The closely watched jobless rate rose from 9.7 percent, where it had remained for the first three months of this year. There were 15.3 million people out of work in April. A record 6.7 million of them had been jobless for six months or more.
Rate up for older workers, too
Among workers age 55 and older, the unemployment rate increased to 7 percent in April from 6.9 percent in March, the government reported. Men fared worse than women. The unemployment rate for older men rose to 7.5 percent in April from 7.4 percent one month earlier; for women, the jobless rate fell from 6 percent in March to 5.7 percent in April.
Sara Rix, a strategic policy adviser for AARP, says the jump in the number of older “discouraged workers” who gave up looking for a job—335,000 in April from 260,000 the month before—was particularly disturbing. Likewise, the average duration of unemployment for those 55-plus grew to 42.9 weeks from 38.4 weeks.
“The longer they’re out of a job,” Rix says of older workers, “the harder it becomes to reenter the labor force. They become discouraged because they think their chances of finding a job are slim, that employers will find them too old … or that there are other discriminatory factors at work.
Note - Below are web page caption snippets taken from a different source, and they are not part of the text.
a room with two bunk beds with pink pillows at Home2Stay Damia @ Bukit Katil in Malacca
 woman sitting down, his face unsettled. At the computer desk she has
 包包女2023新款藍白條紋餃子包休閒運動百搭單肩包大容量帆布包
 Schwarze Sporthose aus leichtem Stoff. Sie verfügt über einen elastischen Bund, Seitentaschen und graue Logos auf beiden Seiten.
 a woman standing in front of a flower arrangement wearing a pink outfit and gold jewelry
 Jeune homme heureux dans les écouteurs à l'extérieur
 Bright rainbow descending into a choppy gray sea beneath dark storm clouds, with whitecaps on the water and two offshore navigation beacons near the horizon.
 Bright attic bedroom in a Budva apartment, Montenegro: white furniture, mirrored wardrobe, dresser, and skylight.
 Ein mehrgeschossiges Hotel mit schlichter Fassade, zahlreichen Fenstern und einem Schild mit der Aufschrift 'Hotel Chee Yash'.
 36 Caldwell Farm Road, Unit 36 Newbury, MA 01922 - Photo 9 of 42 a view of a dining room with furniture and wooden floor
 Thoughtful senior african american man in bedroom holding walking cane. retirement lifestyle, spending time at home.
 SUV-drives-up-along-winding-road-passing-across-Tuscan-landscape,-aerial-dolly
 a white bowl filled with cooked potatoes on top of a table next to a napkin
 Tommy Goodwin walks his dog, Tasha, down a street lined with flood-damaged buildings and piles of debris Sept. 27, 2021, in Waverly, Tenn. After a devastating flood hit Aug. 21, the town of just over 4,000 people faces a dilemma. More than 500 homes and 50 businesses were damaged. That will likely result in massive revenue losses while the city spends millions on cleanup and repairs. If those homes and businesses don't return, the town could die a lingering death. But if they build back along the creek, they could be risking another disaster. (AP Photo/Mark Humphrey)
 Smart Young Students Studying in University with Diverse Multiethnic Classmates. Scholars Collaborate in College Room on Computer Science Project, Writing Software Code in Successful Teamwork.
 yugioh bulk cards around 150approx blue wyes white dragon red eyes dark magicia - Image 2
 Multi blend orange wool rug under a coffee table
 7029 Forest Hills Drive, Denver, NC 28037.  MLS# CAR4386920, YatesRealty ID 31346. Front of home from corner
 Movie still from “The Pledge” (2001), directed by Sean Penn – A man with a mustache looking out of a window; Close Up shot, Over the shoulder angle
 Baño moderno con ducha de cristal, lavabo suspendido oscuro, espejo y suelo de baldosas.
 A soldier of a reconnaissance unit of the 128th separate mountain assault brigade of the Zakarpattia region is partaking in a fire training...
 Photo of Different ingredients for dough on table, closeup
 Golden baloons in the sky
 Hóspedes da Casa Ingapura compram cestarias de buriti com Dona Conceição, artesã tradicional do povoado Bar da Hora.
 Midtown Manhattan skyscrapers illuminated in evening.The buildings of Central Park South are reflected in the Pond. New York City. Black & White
At some point, many give up the job search.”
Call for extended benefits
Arleen Decker, 61, of Tiburon, Calif., is one of them. She was laid off from her job as a teacher about two years ago amid California’s budget cuts and has been unable to find new work. Her unemployment benefits ran out in March so she started a petition, which has garnered nearly 25,000 signatures, to extend benefits to the long-term unemployed.
Because most of the petition signers have been unemployed for 99 weeks or more, she says, they’ve been dubbed by local media and others as the “99ers.”
“I’ve had to retire although I didn’t mean to and I would go back in a flash,” says Decker, who lost her home to foreclosure in 2008. “My retirement is forever affected. I have to move and downsize from a two-bedroom apartment to a one-bedroom apartment. I’m packing right now.”
About 8.2 million Americans lost their jobs during the recession. The unemployment rate peaked last November at 10.1 percent, a 26-year high.